The competition could close at least one locally-owned campground, he said.
Don Bole, owner of Wildwood Acres Campground near Hartford City, said it would not be fair for local campground owners to put thousands of dollars into their businesses and then have their tax dollars spent on a park that could compete with them.
Joyce Martin, owner of Mar-Brook Camp Ground, agreed and said that it’s “absolutely unreal” that the county would consider creating a county campground.
“I don’t like competing against my own tax dollars,” she said. “I think it would really hurt us.”
Commissioner Mark Bardsley said at the July 17 meeting that the campground is just one of several ideas the park could bring to Grant County.
Commissioner Jeremy Diller said he has some reservations about the potential park. He said he would like to know what the needs of the county are for what the park could hold.
Belinda Hussong, director of the Marion Parks and Recreation Department, also said she is unsure what a new county park should have. She said she doesn’t know enough about the idea to make a decision, but added that parks provide numerous benefits to a community.

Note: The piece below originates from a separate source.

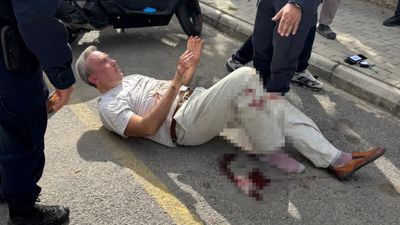 Antalya'da bir kadın boşanma aşamasındaki kocasını bıçakladı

Without hard facts, Tim Eckerle, director of the Grant County Economic Growth Council, said he doesn’t know enough about the park to make a conclusion on what he thinks it would mean to Grant County’s future.
But if the park were to have a campground, Eckerle said he doesn’t think it’s appropriate for the government to compete with the private sector.
“It’s all about supply and demand,” he said. “If there’s a supply, I don’t see a role for government.”
Mike Scott, Grant County Council president, said it’s important to remember that the park is just an idea so far.
“People are really jumping 55 horses in front of the cart,” he said.
Funding for the park could come from private sponsorship and local organizations, Scott said. Increased taxes also are a possibility. How the park is funded also would be determined through the planning grant.
Before anything is decided on a park, Scott said there would be a steering committee to head up plans, along with public meetings.
The idea for the park came as a way to improve the quality of life for Grant County residents, Scott said.
“Let’s rally behind the idea to try to make it happen instead of closing it down,” Scott said.